Studio album by Barry White
- Released: September 24, 1987
- Recorded: 1986–1987
- Genre: R&B, soul
- Length: 69:11
- Label: A&M/PolyGram 215 154
- Producer: Barry White

Barry White chronology
| Dedicated (1983) | The Right Night & Barry White (1987) | The Collection (1988) |

= The Right Night & Barry White =

The Right Night & Barry White is the self-produced sixteenth album by American R&B singer Barry White, which was released in 1987 on A&M Records.
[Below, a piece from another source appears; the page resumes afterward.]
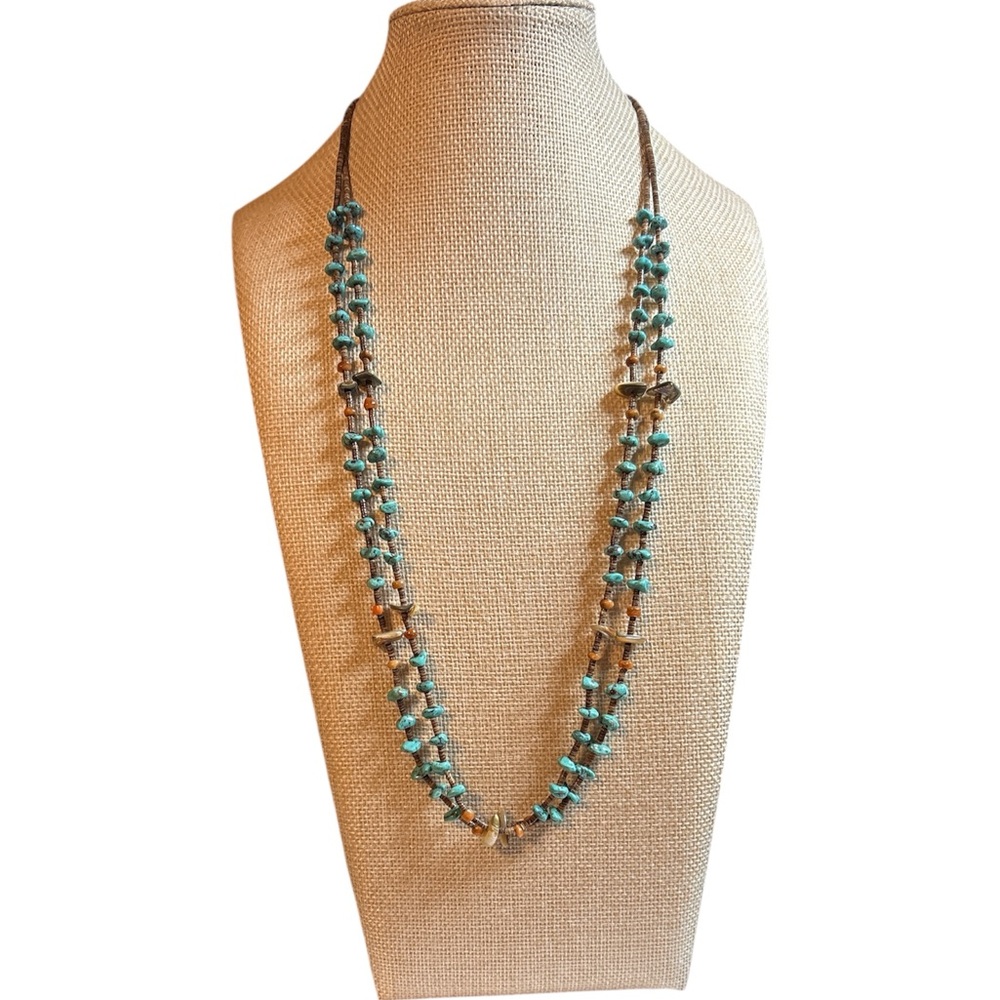 Native Turquoise and Heishi Shell  Beaded Necklace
The album peaked at No. 28 on the Billboard Top R&B Albums chart.

Professional ratings
Review scores
| Source | Rating |
| AllMusic | Star |
| High Fidelity | (favourable) |
| Smash Hits | 8.75/10 |

== Track listings ==
1. "Good Dancin' Music" (Barry White, Jack Perry) – 7:05
2. "As Time Goes By" (Herman Hupfeld) – 5:51
3. "Sho' You Right" (White, Perry) – 7:43
4. "For Your Love (I'll Do Most Anything)" (White, Bryan Loren) – 6:23
5. "There's a Place (Where Love Never Ends)" (White, Frieda Brock, Doug Lambert) – 7:25
6. "Love Is in Your Eyes" (White, Perry, Don Williams) – 7:22
7. "I'm Ready for Love" (White, Lambert, Edward R. Martinez) – 5:09
8. "Share" (White, Charles Fearing) – 7:05
9. "Who's the Fool" (White, Perry, Eugene Booker) – 6:36
10. "The Right Night" (White) – 6:32

===LP & cassette===
1. "Sho' You Right" (White, Perry) – 7:43
2. "For Your Love (I'll Do Most Anything)" (White, Bryan Loren) – 4:24
3. "There's a Place (Where Love Never Ends)" (White, Frieda Brock, Doug Lambert) – 5:32
4. "Love Is in Your Eyes" (White, Perry, Don Williams) – 5:55
5. "Theme" - 0:33
6. "The Right Night" (White) – 5:50
7. "I'm Ready for Love" (White, Lambert, Edward R. Martinez) – 5:11
8. "Theme" - 0:32
9. "Share" (White, Charles Fearing) – 7:05
10. "Who's the Fool" (White, Perry, Eugene Booker) – 6:36

== Singles ==
- "Sho' You Right" (US R&B No. 17, UK No. 14)
- "For Your Love (I'll Do Most Anything)" (US R&B No. 27, UK No. 94)

==Personnel==
- Barry White – lead vocals, keyboards, bass, drums, percussion
- Eugene Booker, Doug Lambert, Bryan Loren, Jack Perry – keyboards
- Melvin "Wah Wah" Watson – guitars, backing vocals
- Nathan East – bass
- Al Chalk – percussion
- Thomas Alvarado – tenor saxophone
- James Bailey, Kenny Harris, Stephanie Haynes, Brenda Holloway, Cheryl James, Diane Taylor, Sharon-Lyn Rochelle, Kathy Thompson, Glodean White – backing vocals
- Strings arranged by Gene Page

==Charts==

Chart performance for The Right Night & Barry White
| Chart (1987) | Peak position |
|---|---|
| New Zealand Albums (RMNZ) | 45 |
| UK Albums (OCC) | 74 |
| US Billboard 200 | 159 |
| US Top R&B/Hip-Hop Albums (Billboard) | 28 |

==Certifications and sales==

| Region | Certification | Certified units/sales |
| France (SNEP) | 2× Gold | 200,000^{*} |
^{*} Sales figures based on certification alone.